2. Computer-aided design

This week we learned about different software tools both in 2D and in 3D, after that we compared its workflow and evaluated them.

The three main activities I did where:

2D Design

During week 01 I drew an avatar of myself in GoPaint, however to mantain its resolution in any scale I needed to vectorize it. The general workflow in both Affinity and Adobe Illustrator are pretty similar, in both we:

  1. Open the original image in the software
  2. Search the image trace tool
  3. Adjust the parameters to our necessities
  4. Convert the image (expand)
  5. Clean our paths and make corrections

Here you can watch the step by step tutorial in both softwares

Vectorizing an image in Affinity


One big difference between both is that Adobe Illustrator offers more adjustable parameters. Allowing better control over colors and detail, representing the original image more accurately. While Affinity has has smoother line termination and visually pleasing curves, it has limited control over the number of colors. That sometimes lead to the misinterpretation of shapes during automatic vectorization.

However, due to Adobe being a paid software, Affinity offers a great free alternative. I often use it when I'm not at college (we have an Adobe license but only on institutional computers).

3D Design

There are several 3D softwares with different uses, the principal are parametric design (SolidWorks, Fusion 360, Onshape) and direct modeling (Blender,Maya). Because of the nature of my project I will be focussing on parametric design, specifically with Onshape and Autodesk Inventor. The exercise was the basic form of a pill dispenser, where I principally used basic operations (add, remove, shells, and fillets). The general workflow was:

  1. Skectch the body with a circle and extrude it
  2. Shell the cylinder
  3. Sketch a rectangle and do a negative extrusion (to make exit of the dispenser)
  4. Sketch an arc and extrude it to match the thickness of the dispenser
  5. Extrude a wall to contain the pills
  6. Round the edges
  7. Renderize or change its appereance

Modeling in Onshape


Both softwares are pretty good options and choosing one depends on your design.
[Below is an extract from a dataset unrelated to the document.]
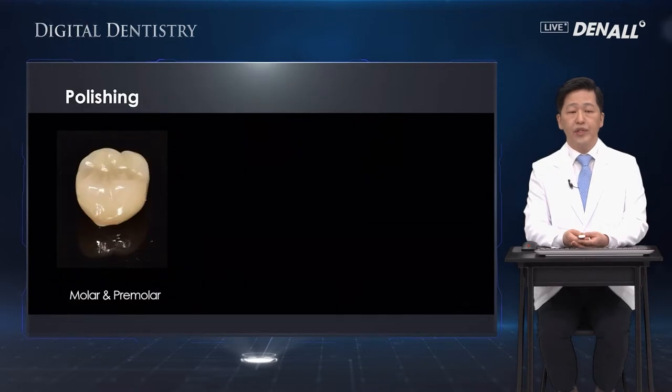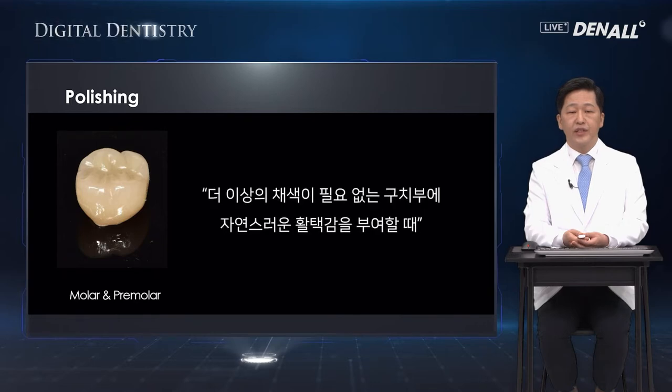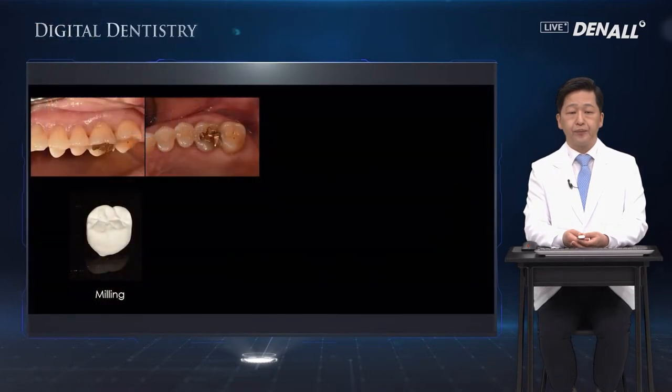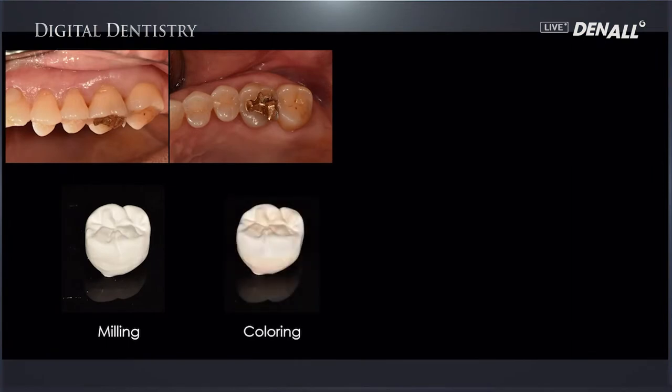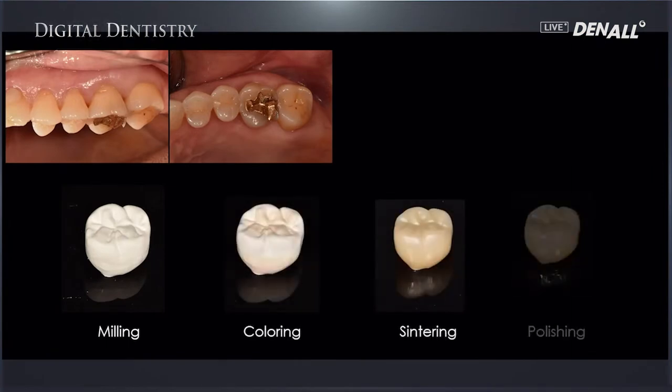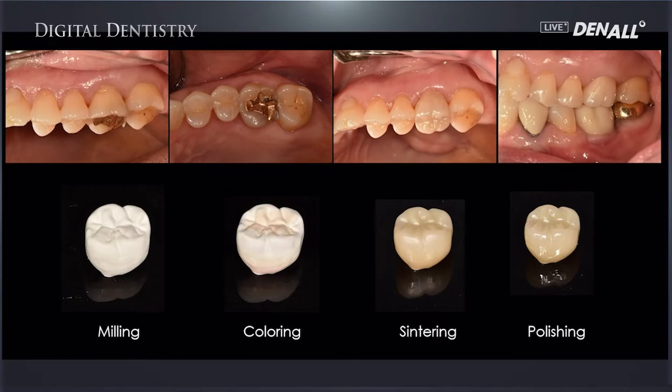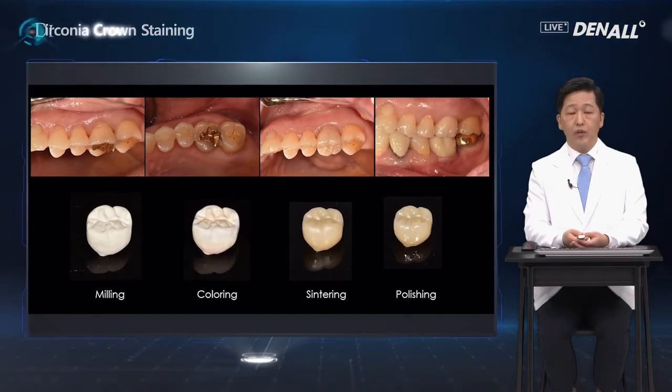For molars, polishing is used to provide natural smoothening on the posterior teeth that do not require any more coloring. There are many different types of polishing tools: the pointed ones, the feather type, and the wheel type. After milling, coloring is done, followed by sintering, and then the surface is polished and delivered in the mouth. Let's have a look at the process of polishing using a video.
Onshape is a cloud-based and accessible alternative, that is efficient for modeling and collaboration. However, rendering options are limited (can change color but not add textures). While Inventor allows rendering directly inside the software, with ambience lights, materials. But can take a while to rendireze depending of your computer and the quality of the image.

Media Compression

Media compression is important while documenting our process. Some media files (images, video, audio) are often large and by compressing it we are not only reducing its size but speeding up the page load times.

For Images I use Xconvert on my phone and, because it allows me to control the compressing parameters and file format, if the images are on my computer I either use the Photos app or share them via phone link to compress them in Xconvert and share them back to my computer.

For videos I use FFMPEG, that works on our computer terminal and has different parameters that we can edit if we write them. Its interface can be confusing but its really practical.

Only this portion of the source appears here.